2008 Joint Meeting of The Geological Society of America, Soil Science Society of America, American Society of Agronomy, Crop Science Society of America, Gulf Coast Association of Geological Societies with the Gulf Coast Section of SEPM

Paper No. 10
Presentation Time: 10:55 AM

Sensitivity Analysis of Contaminant Transport Uncertainty in Unsaturated Zone


PAN, Feng, Division of Hydrologic Science, Desert Research Institute, 755 E. Flamingo Road, Las Vegas, NV 89119, ZHU, Jianting, Division of Hydrologic Sciences, Desert Research Institute, 755 E Flamingo Road, Las Vegas, NV 89119, YE, Ming, School of Computational Science & Department of Geological Sciences, Florida State University, 441 Dirac Science Library, Tallahassee, FL 32306 and YU, Zhongbo, State Key Laboratory of Hydrology-Water Resources and Hydraulic Engineering, Hohai Univ, Nanjing 210098, China, Geoscience, Univ of Nevada at Las Vegas, 4505 Maryland Pkwy, Las Vegas, NV 89154-4010, Feng.Pan@dri.edu

The parametric uncertainty in hydrologic parameters (e.g., permeability, porosity, and water retention parameters) is significant in uncertainty of unsaturated flow and contaminant transport predictions in the unsaturated zone (UZ).

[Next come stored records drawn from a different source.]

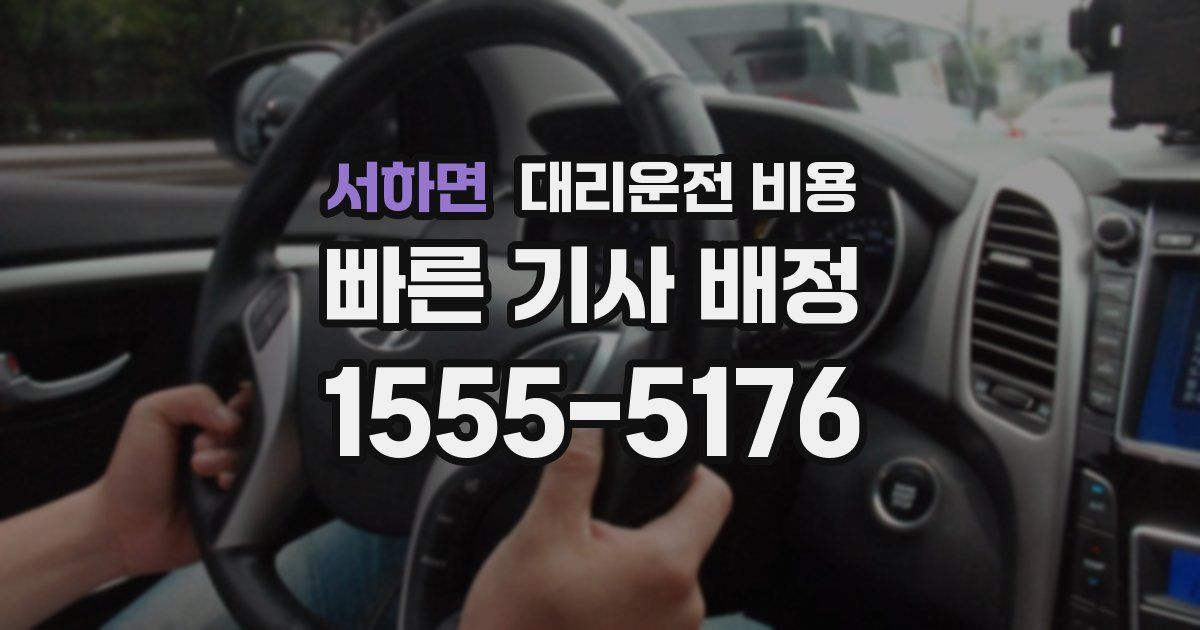 서하면 대리운전 가격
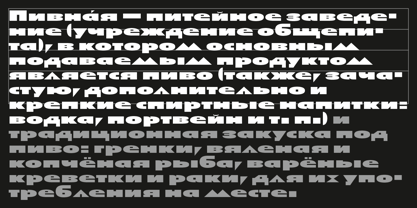 Pivnaya-Cyrillic Greek Font Poster 3
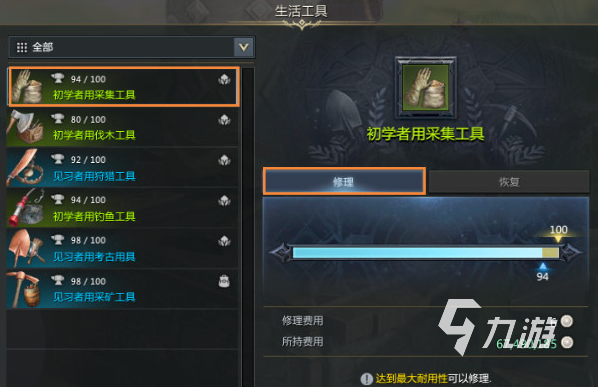 命运方舟生活工具怎么修理 命运方舟生活工具修理方法介绍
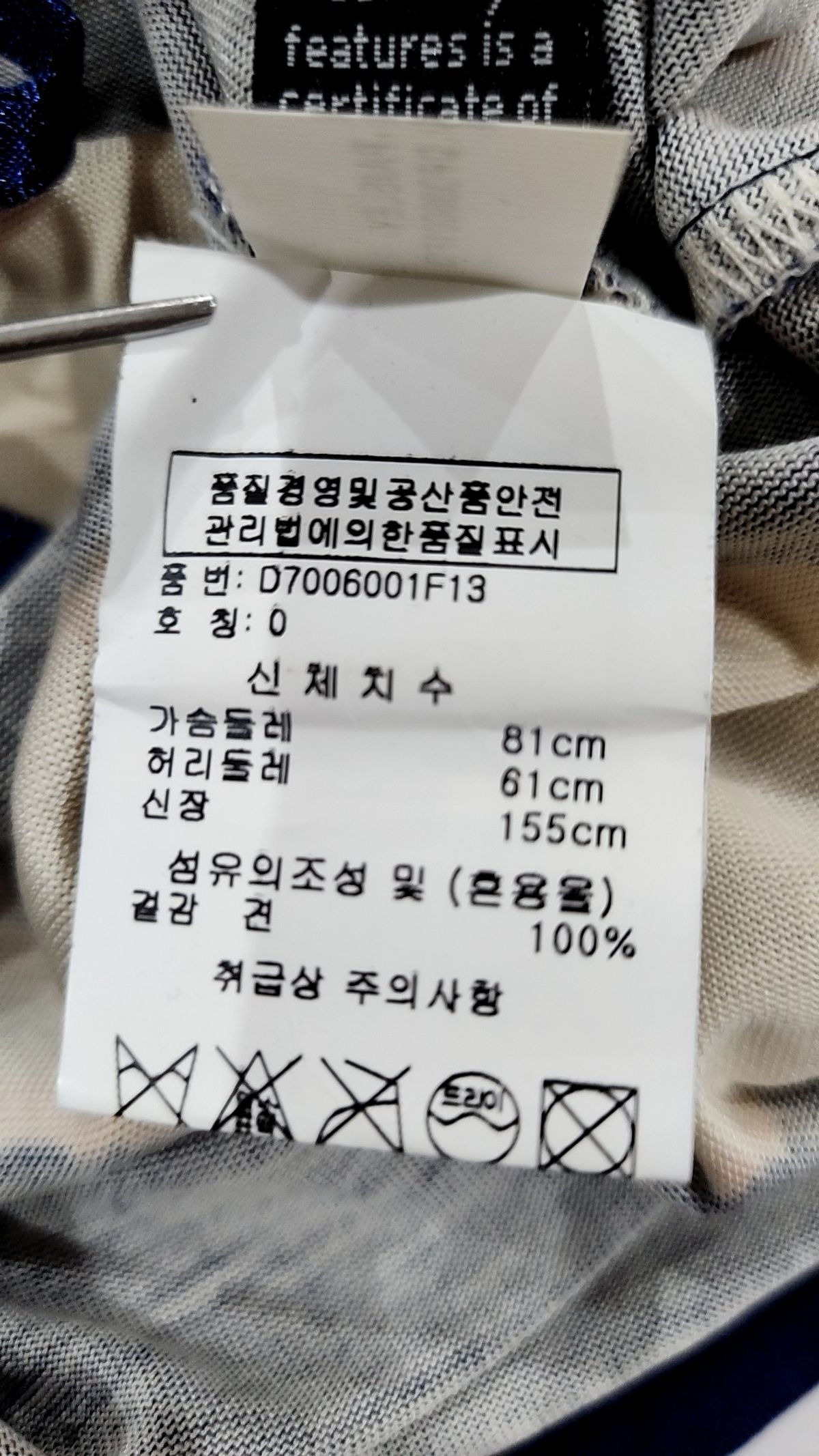 다이앤 본 퍼스텐버그(DIANE von FURSTENBERG) 미니 원피스 0
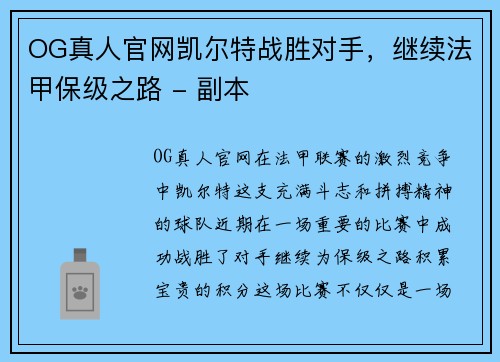 OG真人官网凯尔特战胜对手，继续法甲保级之路 - 副本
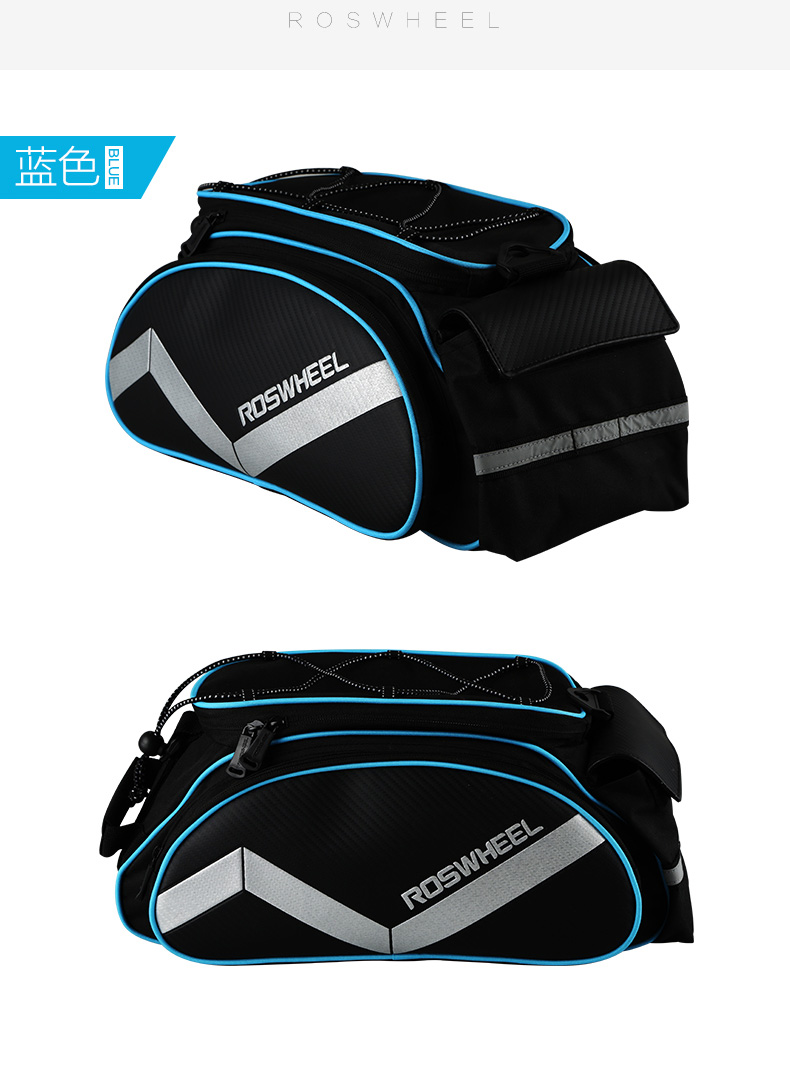 Sacoche pour vélo mixte ROSWHEEL - Ref 2233303 Image 18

While there have been many investigations addressing parametric uncertainty in the UZ of Yucca Mountain (YM), NV, the contribution of uncertainties in individual parameters to the uncertainty of flow and transport is yet to be systematically evaluated. The objective of this study is to identify the most influential parameters on unsaturated flow and contaminant transport uncertainty by conducting global sensitivity analysis. The probabilistic distributions of permeability and porosity for each hydrogeologic layer are identified using Lilliefors Test based on the site measurements. The distributions of the water retention parameters with sparse samples are estimated by the maximum likelihood estimation and Fisher information matrix. The random values of these parameters are generated using Latin Hypercube Sampling based on the determined probabilistic distributions. The Monte Carlo simulations of flow and transport are conducted using a 3-dimensional numerical model for the UZ of YM. The stepwise regression analysis is applied to investigate the relationships between the input parameters and the output variables. The importance of uncertainty in individual parameters to the flow and transport uncertainty is then ranked using the standardized rank regression coefficients. The outcome of this study provides important information which helps facilitate future data collection and monitoring efforts.